Thursday, February 16, 2006

Are American's capable of torture? Do human rights matter?

This evening, as I was getting ready to return to my office, a Public Radio special played the testimony of civil rights activist Fannie Lou Hamer the 1964 Democratic Convention. Ms. Hamer’s crime was attempting to register to vote in the state of Missisissippi, USA. Here is what she said.

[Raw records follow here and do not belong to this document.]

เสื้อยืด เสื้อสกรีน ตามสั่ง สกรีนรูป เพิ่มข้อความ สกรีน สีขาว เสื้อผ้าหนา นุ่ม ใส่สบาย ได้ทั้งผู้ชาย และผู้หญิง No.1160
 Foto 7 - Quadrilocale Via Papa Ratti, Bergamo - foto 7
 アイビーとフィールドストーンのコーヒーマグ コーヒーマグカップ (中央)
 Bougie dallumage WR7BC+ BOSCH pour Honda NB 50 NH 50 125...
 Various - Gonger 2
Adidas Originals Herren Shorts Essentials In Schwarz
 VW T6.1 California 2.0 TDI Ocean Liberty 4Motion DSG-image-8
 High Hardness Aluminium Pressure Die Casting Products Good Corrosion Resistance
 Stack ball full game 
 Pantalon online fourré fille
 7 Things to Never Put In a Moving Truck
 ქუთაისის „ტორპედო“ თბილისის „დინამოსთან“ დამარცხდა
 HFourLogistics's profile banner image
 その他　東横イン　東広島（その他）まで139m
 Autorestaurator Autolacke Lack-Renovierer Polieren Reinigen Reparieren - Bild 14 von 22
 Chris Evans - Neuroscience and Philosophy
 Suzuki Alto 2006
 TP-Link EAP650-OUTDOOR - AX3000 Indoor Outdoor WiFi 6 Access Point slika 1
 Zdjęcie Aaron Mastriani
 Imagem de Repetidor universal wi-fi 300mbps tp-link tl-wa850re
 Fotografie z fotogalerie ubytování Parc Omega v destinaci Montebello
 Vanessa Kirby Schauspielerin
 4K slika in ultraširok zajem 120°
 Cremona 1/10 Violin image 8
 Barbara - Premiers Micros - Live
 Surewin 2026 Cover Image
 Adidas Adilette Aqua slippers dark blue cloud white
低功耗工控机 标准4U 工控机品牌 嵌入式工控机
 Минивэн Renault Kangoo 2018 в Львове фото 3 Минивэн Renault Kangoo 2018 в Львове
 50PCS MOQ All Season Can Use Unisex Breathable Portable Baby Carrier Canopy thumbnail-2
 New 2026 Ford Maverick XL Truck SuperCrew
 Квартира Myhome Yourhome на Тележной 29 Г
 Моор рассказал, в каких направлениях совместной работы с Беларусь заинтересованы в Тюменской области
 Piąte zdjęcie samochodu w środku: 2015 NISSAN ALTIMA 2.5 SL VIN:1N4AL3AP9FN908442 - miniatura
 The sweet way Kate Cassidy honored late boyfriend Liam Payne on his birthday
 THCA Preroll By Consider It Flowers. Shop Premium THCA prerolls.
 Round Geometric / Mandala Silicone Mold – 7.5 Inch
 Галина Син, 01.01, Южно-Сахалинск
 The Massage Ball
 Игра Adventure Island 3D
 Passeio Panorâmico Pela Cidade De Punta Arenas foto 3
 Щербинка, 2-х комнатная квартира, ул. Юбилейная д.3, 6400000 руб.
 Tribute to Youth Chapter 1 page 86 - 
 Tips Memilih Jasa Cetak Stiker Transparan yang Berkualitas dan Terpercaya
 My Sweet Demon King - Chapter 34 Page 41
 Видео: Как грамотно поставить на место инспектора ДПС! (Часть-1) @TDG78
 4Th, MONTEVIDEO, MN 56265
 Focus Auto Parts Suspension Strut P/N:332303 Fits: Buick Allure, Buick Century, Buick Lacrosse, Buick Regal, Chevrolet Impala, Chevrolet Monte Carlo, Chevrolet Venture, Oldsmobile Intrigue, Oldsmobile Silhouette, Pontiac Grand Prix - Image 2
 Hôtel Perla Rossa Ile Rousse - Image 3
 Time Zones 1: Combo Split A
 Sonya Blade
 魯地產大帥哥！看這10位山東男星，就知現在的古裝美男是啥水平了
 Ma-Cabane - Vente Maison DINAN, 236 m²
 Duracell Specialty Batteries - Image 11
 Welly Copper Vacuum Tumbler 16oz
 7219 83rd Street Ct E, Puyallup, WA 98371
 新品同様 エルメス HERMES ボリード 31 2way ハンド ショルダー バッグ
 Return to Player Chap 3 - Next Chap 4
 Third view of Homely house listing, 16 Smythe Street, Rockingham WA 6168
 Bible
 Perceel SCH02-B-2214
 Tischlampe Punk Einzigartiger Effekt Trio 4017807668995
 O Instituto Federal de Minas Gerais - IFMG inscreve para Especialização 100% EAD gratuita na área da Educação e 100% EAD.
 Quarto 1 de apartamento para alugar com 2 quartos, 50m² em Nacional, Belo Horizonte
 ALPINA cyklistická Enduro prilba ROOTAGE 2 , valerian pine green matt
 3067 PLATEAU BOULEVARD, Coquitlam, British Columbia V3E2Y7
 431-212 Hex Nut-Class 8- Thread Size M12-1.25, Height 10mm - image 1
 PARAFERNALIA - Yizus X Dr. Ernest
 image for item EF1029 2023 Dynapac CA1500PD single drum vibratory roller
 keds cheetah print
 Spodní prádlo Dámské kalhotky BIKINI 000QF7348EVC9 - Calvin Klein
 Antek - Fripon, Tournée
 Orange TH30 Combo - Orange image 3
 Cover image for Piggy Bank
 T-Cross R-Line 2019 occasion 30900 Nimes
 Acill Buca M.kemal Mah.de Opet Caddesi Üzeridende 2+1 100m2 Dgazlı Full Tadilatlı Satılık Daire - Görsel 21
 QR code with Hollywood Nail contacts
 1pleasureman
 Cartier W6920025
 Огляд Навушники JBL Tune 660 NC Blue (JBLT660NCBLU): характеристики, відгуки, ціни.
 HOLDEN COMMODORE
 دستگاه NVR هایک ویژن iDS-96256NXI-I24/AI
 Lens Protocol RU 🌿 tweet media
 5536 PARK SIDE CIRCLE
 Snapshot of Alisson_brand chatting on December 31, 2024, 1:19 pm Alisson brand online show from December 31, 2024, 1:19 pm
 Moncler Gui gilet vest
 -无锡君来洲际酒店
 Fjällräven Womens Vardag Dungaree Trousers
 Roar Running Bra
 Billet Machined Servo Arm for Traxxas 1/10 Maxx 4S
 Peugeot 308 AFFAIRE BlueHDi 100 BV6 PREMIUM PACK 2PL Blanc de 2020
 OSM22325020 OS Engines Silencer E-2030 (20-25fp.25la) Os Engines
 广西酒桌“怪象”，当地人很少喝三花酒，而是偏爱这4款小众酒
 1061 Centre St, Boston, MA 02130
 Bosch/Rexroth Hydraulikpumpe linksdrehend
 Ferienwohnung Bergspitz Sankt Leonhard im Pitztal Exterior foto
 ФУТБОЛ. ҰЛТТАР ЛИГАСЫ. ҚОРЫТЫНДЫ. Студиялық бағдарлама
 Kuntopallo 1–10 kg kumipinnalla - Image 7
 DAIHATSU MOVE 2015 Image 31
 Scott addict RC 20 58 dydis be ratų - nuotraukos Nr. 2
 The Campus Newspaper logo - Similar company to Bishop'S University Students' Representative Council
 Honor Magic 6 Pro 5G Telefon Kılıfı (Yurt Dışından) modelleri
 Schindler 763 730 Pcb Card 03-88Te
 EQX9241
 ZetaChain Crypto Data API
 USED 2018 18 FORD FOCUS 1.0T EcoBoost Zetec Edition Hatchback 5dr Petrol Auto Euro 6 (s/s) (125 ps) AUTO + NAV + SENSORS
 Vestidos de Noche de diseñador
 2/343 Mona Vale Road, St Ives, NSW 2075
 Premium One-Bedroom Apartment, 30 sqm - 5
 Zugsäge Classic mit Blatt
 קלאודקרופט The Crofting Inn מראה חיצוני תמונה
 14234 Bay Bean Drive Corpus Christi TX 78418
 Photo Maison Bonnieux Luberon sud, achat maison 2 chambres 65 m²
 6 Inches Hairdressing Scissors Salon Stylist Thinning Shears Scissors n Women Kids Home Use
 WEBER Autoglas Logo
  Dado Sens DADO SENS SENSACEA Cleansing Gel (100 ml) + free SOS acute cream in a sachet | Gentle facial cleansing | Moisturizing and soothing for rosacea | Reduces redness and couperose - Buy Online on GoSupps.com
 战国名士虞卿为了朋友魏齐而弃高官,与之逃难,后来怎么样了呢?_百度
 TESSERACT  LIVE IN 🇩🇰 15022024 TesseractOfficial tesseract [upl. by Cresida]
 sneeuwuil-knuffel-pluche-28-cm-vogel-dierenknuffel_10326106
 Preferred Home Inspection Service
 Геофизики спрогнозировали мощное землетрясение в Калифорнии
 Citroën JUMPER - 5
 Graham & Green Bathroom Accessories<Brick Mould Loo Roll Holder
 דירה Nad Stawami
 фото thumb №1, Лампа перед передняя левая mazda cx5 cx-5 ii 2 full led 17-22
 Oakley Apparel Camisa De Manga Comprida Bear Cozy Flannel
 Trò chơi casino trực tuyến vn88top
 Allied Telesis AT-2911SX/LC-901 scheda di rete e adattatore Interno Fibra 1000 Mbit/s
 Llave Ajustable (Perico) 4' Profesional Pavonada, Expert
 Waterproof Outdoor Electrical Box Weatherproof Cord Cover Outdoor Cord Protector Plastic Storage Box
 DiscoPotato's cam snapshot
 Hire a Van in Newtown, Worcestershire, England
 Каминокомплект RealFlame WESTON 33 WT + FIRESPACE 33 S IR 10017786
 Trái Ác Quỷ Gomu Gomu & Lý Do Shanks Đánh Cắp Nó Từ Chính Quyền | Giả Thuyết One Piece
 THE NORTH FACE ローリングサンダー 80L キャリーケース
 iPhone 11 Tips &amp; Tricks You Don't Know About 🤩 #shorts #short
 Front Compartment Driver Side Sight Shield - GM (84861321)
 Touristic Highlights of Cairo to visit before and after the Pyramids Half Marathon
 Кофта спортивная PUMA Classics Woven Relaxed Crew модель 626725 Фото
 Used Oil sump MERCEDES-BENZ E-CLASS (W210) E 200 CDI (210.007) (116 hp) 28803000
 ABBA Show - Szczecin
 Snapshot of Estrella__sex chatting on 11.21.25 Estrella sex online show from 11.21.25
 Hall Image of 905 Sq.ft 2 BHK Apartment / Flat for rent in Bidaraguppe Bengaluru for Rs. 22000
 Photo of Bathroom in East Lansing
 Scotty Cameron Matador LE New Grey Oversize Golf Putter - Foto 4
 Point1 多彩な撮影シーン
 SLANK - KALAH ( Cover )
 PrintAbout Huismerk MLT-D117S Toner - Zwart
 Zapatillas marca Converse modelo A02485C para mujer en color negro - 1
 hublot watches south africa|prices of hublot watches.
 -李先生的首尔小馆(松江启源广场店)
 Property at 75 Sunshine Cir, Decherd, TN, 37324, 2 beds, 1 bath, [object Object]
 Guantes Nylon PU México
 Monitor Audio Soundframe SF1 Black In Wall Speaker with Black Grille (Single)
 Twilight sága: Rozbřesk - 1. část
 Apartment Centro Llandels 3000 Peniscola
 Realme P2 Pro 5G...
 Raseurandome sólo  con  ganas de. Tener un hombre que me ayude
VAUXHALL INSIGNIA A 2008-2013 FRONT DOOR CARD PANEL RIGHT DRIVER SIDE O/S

"On the 10th of September 1962, sixteen bullets was fired into the home of Mr. and Mrs. Robert Tucker for me. That same night two girls were shot in Ruleville, Mississippi. Also Mr. Joe McDonald's house was shot in.
And June the 9th, 1963, I had attended a voter registration workshop; was returning back to Mississippi. Ten of us was traveling by the Continental Trailway bus. When we got to Winona, Mississippi, which is Montgomery County, four of the people got off to use the washroom, and two of the people - to use the restaurant - two of the people wanted to use the washroom.
The four people that had gone in to use the restaurant was ordered out. During this time I was on the bus. But when I looked through the window and saw they had rushed out I got off of the bus to see what had happened. And one of the ladies said, "It was a State Highway Patrolman and a Chief of Police ordered us out."
I got back on the bus and one of the persons had used the washroom got back on the bus, too.
As soon as I was seated on the bus, I saw when they began to get the five people in a highway patrolman's car. I stepped off of the bus to see what was happening and somebody screamed from the car that the five workers was in and said, "Get that one there." When I went to get in the car, when the man told me I was under arrest, he kicked me.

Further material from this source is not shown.